When the line containing "RK ROYAL KLUDGE" is found in the data below, copy it and each line after it through the line containing "سبزی خورشتی تازه رامهرمز", exactly and with no others.

Records
# # # #
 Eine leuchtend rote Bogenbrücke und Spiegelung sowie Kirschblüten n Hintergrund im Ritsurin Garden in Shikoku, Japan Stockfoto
# # # #
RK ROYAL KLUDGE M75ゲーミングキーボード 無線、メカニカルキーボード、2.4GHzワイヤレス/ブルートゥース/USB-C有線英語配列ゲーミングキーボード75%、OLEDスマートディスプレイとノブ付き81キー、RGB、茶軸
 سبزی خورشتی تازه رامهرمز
# # # #
Result of this task
RK ROYAL KLUDGE M75ゲーミングキーボード 無線、メカニカルキーボード、2.4GHzワイヤレス/ブルートゥース/USB-C有線英語配列ゲーミングキーボード75%、OLEDスマートディスプレイとノブ付き81キー、RGB、茶軸
 سبزی خورشتی تازه رامهرمز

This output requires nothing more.